Napoleons Machtbereich 1812. Quelle: Wikipedia – Creative Commons


Warum zog Napoleon 1812 durch das Königsfelder Land?

► Im Jahr 1812 entschloss sich Napoleon zu einen großen Krieg gegen das riesige Kaiserreich Russland, welches ihm zusammen mit Großbritannien noch immer Widerstand leistete. Napoleon dachte, dass wenn er erst Russland besiegte, auch Großbritannien aufgeben würde.

► Dafür ließ er im Mai 1812 seine „Große Armee“, französich „Grande Armée“ , in Deutschland versammeln und in Richtung Russland marschieren. Die Grande Armée bestand insgesamt aus ca. 475.000 Soldaten mit 200.000 Pferden. Solch eine große Armee konnte nicht auf einer einzigen Straße marschieren. Deshalb wählte Napoleon verschiedene Straßen für seinen Aufmarsch an die russische Grenze.

► Napoleon persönlich reiste am 9. Mai 1812 in Paris ab und kam über Mainz und Würzburg nach Bamberg. Von Bamberg aus marschierte er mit 8500 Garde-Soldaten (= Napoleons Leibwache) und 4500 Pferden über Scheßlitz, den Würgauer Berg und Hollfeld nach Bayreuth.

Napoleon reitet an seiner Garde vorbei. Quelle: Wikipedia – Creative Commons

 

Der Weg vom Würgauer Berg nach Hollfeld führte Napoleon durch die heutige Gemeinde Königsfeld. Ein Großteil der Soldaten marschierte wohl durch das Wiesenttal und somit durch Treunitz. Es ist aber auch wahrscheinlich, dass ein Teil der Truppen den Weg über Königsfeld nach Hollfeld nahm. Als ehemaliger Königshof der Frankenkönige war Königsfeld gut an alte Fernstraßen angebunden. Von Königsfeld aus führte eine ausgebaute Straße über den heutigen „Wiesenter Weg“ nach Hollfeld.

Kaiser Napoleon persönlich kam also im Mai 1812 auf seinem Marsch in Richtung der russischen Grenze durch Treunitz oder Königsfeld! Der „Atem der Weltgeschichte“ war damals für einige Tage in der heutigen Gemeinde Königsfeld zu spüren.

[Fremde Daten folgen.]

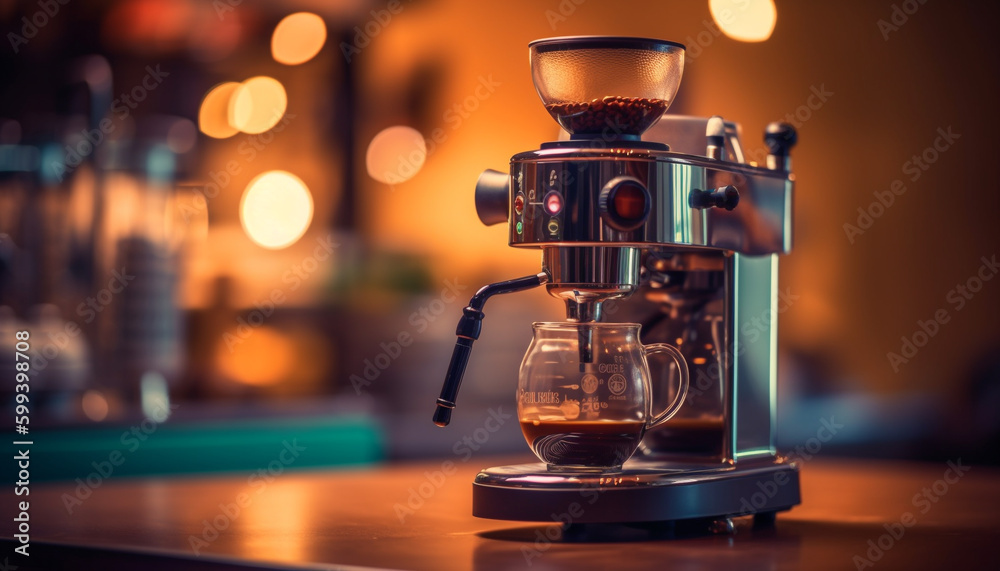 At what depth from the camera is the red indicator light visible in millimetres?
938

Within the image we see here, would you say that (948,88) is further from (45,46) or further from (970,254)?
(45,46)

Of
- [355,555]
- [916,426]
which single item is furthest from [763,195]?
[916,426]

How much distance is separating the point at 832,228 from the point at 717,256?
244 cm

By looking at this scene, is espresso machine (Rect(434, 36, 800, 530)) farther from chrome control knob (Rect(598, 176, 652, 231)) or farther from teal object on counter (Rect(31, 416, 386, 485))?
teal object on counter (Rect(31, 416, 386, 485))

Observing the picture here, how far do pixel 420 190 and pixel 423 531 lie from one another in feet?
9.39

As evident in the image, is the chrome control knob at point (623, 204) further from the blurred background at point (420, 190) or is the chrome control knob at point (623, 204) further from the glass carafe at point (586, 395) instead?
the blurred background at point (420, 190)

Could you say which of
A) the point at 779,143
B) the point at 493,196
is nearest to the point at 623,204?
the point at 493,196

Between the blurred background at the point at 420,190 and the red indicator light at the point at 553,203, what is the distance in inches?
61.3

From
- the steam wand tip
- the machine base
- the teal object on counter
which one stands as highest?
the steam wand tip

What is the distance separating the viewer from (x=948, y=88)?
3.12 meters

Wie sahen die Landstraßen damals aus?

► Die ausgebauten Landstraßen der damaligen Zeit waren noch nicht die asphaltierten (=geteerten) Pisten von heute. Es waren meistens mit Kies oder Schotter befestigte Wege, welche manchmal auch gepflastert waren. Solche befestigte Landstraßen nannte man „Chaussee“ (gesprochen: „Schossee“). 

► Im Jahr 1812 war die Landstraße von Bamberg nach Bayreuth eine ausgebaute Chaussee. Sie führte über den „Würgauer Berg“, das Wiesenttal und Hollfeld. Der damalige „Würgauer Berg“ glich allerdings nicht der heutigen kurvigen Straße, die bei Motorradfahrern so beliebt ist. Der alte „Würgauer Berg“ führte als steiler befestigter Weg auf den Jura. Er ist als Forst- und Wanderweg entlang des Würgauer Baches erhalten.

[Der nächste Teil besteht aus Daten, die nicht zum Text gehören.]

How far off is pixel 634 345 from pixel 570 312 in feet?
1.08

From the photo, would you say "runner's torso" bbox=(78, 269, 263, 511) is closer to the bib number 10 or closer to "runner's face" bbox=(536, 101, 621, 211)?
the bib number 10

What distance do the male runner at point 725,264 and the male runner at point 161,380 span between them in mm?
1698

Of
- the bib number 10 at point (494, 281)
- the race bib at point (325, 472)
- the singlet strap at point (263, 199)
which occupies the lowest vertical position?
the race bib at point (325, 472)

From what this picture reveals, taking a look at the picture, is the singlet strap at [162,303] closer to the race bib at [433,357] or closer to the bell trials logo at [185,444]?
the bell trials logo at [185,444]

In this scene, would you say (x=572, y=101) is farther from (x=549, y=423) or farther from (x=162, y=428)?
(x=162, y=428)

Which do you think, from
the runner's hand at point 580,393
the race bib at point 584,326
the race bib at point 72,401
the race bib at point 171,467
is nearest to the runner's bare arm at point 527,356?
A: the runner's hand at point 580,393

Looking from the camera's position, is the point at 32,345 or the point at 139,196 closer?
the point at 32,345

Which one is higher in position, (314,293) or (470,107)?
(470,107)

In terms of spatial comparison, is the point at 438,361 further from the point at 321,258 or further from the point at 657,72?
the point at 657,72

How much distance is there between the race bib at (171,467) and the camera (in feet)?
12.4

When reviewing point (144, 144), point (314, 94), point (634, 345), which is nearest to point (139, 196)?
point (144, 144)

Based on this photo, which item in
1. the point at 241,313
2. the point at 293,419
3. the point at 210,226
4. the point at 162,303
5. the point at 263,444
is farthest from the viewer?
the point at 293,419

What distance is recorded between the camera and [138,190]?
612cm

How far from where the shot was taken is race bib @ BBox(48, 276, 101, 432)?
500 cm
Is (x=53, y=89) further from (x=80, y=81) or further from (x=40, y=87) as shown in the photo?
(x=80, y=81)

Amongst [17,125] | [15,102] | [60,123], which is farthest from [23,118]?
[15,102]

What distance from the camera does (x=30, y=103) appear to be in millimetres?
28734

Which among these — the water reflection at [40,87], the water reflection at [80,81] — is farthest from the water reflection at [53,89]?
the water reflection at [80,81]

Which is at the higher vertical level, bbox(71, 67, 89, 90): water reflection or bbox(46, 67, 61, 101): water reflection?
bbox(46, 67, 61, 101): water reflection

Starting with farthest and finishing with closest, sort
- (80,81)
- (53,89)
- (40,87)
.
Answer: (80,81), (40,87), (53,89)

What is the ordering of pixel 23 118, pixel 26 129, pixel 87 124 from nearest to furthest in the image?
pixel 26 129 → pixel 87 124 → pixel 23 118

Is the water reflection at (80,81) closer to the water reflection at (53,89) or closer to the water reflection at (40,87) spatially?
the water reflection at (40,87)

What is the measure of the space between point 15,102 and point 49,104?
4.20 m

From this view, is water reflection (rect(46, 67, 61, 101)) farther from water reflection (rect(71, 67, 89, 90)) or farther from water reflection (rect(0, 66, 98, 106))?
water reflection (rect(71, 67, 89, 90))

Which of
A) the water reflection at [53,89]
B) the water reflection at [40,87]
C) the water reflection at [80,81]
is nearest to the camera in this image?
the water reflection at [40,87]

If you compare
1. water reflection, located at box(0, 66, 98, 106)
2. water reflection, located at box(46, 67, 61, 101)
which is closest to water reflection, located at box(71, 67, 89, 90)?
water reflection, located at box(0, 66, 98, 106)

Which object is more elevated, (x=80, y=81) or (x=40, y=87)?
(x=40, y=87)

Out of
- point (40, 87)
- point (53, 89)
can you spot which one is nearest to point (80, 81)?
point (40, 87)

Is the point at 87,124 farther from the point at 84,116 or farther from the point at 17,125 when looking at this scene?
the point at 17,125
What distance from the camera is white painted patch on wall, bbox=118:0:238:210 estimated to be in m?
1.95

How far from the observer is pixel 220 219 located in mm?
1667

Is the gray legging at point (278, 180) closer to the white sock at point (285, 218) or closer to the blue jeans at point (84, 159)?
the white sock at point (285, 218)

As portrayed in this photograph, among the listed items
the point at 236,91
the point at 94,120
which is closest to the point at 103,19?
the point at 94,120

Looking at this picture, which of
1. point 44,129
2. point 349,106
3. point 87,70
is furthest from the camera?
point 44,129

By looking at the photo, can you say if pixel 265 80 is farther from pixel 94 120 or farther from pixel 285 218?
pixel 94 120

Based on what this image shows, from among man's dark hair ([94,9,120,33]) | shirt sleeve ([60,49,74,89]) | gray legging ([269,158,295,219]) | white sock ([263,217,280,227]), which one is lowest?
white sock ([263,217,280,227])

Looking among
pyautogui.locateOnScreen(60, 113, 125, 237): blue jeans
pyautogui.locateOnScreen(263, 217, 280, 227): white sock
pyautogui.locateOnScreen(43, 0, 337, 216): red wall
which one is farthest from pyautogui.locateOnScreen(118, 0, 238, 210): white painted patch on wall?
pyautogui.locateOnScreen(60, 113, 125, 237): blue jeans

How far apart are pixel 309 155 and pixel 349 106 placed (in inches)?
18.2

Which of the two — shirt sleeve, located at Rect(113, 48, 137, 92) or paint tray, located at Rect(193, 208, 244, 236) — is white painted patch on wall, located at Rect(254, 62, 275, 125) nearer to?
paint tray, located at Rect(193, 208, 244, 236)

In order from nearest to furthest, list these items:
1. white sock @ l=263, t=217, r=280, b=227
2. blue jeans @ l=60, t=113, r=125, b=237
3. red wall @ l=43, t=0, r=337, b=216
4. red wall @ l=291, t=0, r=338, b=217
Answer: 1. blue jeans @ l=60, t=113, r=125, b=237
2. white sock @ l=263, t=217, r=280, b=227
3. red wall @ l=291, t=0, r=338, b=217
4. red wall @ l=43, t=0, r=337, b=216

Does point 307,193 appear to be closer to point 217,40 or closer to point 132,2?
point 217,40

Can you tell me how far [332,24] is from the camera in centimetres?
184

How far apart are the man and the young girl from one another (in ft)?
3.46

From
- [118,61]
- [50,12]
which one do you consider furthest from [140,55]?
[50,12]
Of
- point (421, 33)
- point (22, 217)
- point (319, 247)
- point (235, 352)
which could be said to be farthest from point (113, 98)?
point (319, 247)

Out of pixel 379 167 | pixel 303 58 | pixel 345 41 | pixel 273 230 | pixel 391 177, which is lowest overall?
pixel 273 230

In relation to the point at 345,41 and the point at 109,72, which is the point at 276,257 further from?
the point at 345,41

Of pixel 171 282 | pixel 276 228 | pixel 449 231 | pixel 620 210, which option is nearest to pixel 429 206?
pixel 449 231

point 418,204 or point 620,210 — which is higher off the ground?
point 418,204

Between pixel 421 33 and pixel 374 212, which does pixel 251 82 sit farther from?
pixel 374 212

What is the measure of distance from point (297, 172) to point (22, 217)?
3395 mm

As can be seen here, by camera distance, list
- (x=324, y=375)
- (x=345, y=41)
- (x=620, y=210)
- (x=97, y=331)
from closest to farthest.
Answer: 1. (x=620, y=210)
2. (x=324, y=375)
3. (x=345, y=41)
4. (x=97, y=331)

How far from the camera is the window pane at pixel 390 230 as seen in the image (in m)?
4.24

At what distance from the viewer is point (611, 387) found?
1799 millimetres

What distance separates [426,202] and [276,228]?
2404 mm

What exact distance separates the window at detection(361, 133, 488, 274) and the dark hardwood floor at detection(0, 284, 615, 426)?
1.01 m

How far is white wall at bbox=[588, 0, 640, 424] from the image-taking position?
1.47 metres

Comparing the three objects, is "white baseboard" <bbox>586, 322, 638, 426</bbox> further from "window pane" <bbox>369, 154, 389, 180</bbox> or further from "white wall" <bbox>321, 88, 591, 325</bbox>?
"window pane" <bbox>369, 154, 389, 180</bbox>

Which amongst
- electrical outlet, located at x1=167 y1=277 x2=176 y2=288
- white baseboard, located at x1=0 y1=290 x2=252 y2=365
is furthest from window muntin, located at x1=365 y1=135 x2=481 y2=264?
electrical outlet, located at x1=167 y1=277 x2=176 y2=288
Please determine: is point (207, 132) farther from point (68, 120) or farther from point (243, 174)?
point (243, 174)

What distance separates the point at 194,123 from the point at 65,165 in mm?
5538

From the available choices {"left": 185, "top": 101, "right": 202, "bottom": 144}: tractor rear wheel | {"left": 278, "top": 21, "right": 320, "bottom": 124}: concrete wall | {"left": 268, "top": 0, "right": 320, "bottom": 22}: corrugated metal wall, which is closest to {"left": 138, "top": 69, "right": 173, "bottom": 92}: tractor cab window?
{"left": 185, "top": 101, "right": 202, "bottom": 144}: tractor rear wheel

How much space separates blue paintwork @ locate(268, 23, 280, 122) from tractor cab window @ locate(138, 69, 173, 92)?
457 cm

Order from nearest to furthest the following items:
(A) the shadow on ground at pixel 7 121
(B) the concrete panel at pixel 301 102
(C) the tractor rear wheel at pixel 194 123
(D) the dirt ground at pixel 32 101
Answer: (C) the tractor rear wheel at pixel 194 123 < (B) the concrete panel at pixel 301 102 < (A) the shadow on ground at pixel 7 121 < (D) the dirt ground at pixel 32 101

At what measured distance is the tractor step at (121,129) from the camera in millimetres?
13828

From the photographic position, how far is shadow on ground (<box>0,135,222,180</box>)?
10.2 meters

Der alte Würgauer Berg als Forst- und Wanderweg heute. Links der Bach. Foto: Frank Dörfler

 

► Ein alter Text aus der damaligen Zeit beschreibt den Würgauer Berg so:

„Würgau ‚liegt eine Stunde oberhalb Scheßlitz am Ende des dortigen Wiesengrundes. Von Bamberg kommt man auf einer mit Viertelstundensteinen versehenen Chaussee von gemeinen 60tausend Schuhen (= 18 km) bis an das Ort, welches in Bäumen ganz versteckt ist. Von diesem Ort kommt man auf das Gebirge, wo die Straße einen steilen Berg zwischen Felsenklippen hinaufgeht, einerseits stürzt sich ein rauschendes Quellwasser herab, das am Berge im Holze entspringt, andererseits entspringt eine andere Quelle.‘ “ (aus: Ekkehard Klement, Zur Reise Kaiser Napoleons I. durch den Mainkreis im Frühjahr 1812)

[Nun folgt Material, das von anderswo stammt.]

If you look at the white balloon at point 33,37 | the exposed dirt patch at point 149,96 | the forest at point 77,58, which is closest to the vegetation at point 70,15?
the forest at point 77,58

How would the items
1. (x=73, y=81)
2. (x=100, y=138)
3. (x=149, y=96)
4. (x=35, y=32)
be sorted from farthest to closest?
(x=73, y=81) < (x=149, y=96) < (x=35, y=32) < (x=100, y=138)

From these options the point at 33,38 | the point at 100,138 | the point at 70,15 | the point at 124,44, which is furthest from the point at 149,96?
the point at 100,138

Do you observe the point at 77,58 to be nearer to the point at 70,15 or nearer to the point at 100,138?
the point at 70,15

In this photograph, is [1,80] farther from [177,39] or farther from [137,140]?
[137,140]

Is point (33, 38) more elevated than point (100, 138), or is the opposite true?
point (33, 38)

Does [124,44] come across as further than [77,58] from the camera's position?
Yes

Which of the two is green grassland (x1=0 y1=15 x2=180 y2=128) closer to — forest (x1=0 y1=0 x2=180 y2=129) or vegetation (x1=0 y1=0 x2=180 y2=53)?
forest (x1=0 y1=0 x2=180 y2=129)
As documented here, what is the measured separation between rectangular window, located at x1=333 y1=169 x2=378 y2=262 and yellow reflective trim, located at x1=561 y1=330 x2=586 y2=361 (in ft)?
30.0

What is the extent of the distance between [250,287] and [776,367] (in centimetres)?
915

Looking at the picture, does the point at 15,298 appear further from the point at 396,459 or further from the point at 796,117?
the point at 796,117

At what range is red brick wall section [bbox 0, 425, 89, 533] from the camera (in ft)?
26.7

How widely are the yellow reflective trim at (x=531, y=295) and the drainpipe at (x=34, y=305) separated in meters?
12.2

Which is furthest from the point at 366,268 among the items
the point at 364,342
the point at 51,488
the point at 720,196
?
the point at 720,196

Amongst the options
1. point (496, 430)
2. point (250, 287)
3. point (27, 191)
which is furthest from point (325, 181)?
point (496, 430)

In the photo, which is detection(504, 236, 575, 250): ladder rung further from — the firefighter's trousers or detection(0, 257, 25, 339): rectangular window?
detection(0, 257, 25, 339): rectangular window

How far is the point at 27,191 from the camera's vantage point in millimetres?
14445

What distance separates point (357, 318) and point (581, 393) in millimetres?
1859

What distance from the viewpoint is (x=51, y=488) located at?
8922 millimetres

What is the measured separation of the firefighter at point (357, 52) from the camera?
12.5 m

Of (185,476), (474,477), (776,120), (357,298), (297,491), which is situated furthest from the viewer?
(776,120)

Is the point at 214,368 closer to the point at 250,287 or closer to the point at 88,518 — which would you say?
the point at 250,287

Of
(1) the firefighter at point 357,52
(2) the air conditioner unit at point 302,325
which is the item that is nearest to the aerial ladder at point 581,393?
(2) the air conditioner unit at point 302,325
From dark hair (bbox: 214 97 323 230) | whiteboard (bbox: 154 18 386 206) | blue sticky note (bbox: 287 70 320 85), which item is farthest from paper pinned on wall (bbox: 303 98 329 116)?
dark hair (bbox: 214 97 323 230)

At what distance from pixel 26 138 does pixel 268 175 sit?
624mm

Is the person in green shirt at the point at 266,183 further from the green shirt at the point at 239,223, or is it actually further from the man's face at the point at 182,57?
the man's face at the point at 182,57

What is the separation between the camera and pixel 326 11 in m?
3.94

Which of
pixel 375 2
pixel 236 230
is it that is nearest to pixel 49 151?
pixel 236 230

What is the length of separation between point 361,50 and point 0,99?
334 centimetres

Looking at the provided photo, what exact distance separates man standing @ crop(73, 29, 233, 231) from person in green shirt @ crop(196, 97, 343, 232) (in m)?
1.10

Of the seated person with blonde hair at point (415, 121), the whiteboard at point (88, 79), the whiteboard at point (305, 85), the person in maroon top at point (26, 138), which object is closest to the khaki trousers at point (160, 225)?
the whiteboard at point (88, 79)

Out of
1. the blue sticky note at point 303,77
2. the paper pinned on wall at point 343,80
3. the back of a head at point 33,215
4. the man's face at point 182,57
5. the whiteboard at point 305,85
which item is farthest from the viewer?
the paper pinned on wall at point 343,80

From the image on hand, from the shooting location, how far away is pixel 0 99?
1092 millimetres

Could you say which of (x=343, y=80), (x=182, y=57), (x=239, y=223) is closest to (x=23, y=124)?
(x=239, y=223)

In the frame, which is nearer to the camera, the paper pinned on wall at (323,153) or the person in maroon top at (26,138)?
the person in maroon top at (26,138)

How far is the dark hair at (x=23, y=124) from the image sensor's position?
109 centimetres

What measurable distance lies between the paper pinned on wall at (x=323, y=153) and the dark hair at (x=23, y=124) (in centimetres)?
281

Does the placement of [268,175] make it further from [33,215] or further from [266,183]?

► Die Bevölkerung von Würgau verdiente ihr Geld in der damaligen Zeit mit der Vermietung von „Vorspann-Pferden“ . Diese Pferde wurden zusätzlich an die Zugpferde der Wagen und Kutschen „vorgespannt“, damit diese den steilen Berg überwinden konnten. Napoleons Marschkolonne im Mai 1812 führte unzählige Wagen mit Ausrüstung und Waffen mit sich. Er benötigte zur Überwindung des „Würgauer Berges“ mehrere hundert Vorspann-Pferde, welche die Bevölkerung aus der Umgebung nach Würgau bringen musste.


Was bedeutete Napoleons Durchzug für die Bevölkerung?

► Du wirst nun vielleicht vermuten, dass der Durchmarsch Napoleons mit 8500 Garde-Soldaten, 4500 Pferden und Hunderten von Wagen für die damaligen Bewohner des Königsfelder Landes eine große Attraktion war. Für die Kinder war es wahrscheinlich auch ein sehenswertes Spektakel, für die Erwachsenen aber eher eine sehr große Belastung:

 Die Bevölkerung war nämlich für die vollständige Verpflegung der vielen Soldaten und Tiere zuständig.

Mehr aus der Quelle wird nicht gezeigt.